Mediation gives you complete control over the outcome of your divorce, and allows you to keep matters in your own hands as far as your children’s future is concerned.

With that being said, let’s take a look at some more benefits of mediation that are worth taking into consideration while deciding whether to go for a court battle or out of court settlement through mediation.

Mediation is Way Faster

Mediation not only allows you to control the outcome of your divorce, but also decide your own timeframe for the process. In fact, if both you and your spouse actually try to be reasonable enough, you may be able to come to a mutually acceptable agreement in just a few sessions.

Now, if you’re even remotely aware of court proceedings, you know that it can take terribly long to settle a divorce case in a court, thanks to months of waiting time. And this phase can be really, really difficult for the divorcing couple, as they have to live together with many unresolved issues even after deciding to separate.

Similarly, it’s also worth taking into consideration how massive the difference in the costs may turn out to be. Lawyers in areas such as Los Gatos, Campbell and Milpitas may charge in the range of $400 – $500 an hour. Given how long a divorce case may take to be resolved, and the fact that you and your spouse will be hiring separate lawyers, you may very well end up spending a staggering amount in your lawyers’ fees alone.

A mediator would typically charge a considerably lower rate, but more importantly, help you resolve the issues and reach an agreement way faster, meaning that you will be saving a huge amount of money.

Greater Confidentiality

All work notes and documents based on the discussions while mediating are confidential. Of course, even the meetings – which involve just you, your spouse and the mediator – are private and usually held at the mediator’s office. Sometimes, meetings are even held via Skype or a conference call.

On the other hand, adversarial proceeding involve discussing your personal issues in public, usually in front of people of your community, as well as the judge, lawyers, court employees and other attorneys.
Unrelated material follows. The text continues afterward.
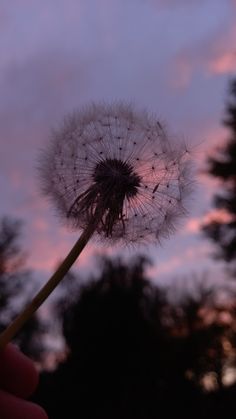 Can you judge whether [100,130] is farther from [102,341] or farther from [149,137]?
[102,341]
It may turn out to be dreadful to discuss your children and other personal issues in front of so many strangers, with most of them having nothing to do with your case.

More Flexible

It goes without saying that mediation is way more flexible than court proceedings. You can have a mediating session at a time of your choice, be it in the evening or a weekend. Furthermore, you can also mediate just as effectively even while choosing to not be in the same reason with your spouse, using applications such as Skype or other online services, or even a conference call.

When it comes to adversarial proceedings, you have no option but to follow the court’s rigid timings. And of course, with the overflowing dockets of the court, you may also have to waste quite a bit of time waiting for your case to be discussed, and then wait again for a few months for another session.